In talking with some folks, it seems some have internalized the pain (and racism) they've experienced in interracial exchanges. Whenever I try to talk about interraciality, it strikes me as odd that the conversation always seems to steer towards white/Black relationships. By that I mean, when the topic of interracial relationships comes up, people easily pull a white/Black model out of their mental rolodex.
Why is it when we say interracial dating, people take that to mean a white/Black relationship? Is a Latino/Asian or a white/Latino relationship not interracial? Yes, of course. Or perhaps the relationship in question has a member who is Brazilian and Polish and the other is Irish? So what is it? Is it me? Is it because the folks I talk to see my white skin and try to make it relative to me since I ask the question? Is it because they assume the white supremacy of racism only affects white people? As I continue trying to uncover the pain that surrounds interracial exchanges, I can't help but wonder what it is about the white/Black dichotomy of gay male circles that keep us stuck. My thoughts forced me to tap into my own pain.
Some of my exchanges with Black men have shown me precisely how broken this white/Black interracial space can be. From some of the things being said in supposedly intimate spaces to the dehumanizing ways we interact with one another, our internalized pain needs to be dealt with. Given my own particular background and experiences, I feel it's important to go back to my experiences in dating Black men.
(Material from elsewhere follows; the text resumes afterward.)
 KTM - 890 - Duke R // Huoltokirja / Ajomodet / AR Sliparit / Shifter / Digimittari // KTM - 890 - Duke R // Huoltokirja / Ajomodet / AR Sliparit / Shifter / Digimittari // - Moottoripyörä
I've listened as white, Latino and Asian men have given their commentary whenever they suspect I've begun dating a Black man. Some acquaintances have felt comfortable enough to begin introducing me to their friends--"This is John. He dates Black men"--highlighting how the latter somehow informs the former. These same Latino and Asian men celebrate the white men they've dated while glorifying their own internalized racial oppression. At one point I asked a former friend who identified as Latino, "You do realize you date interracially, right?" His response was a declarative no and seemed to suggest he saw himself as white.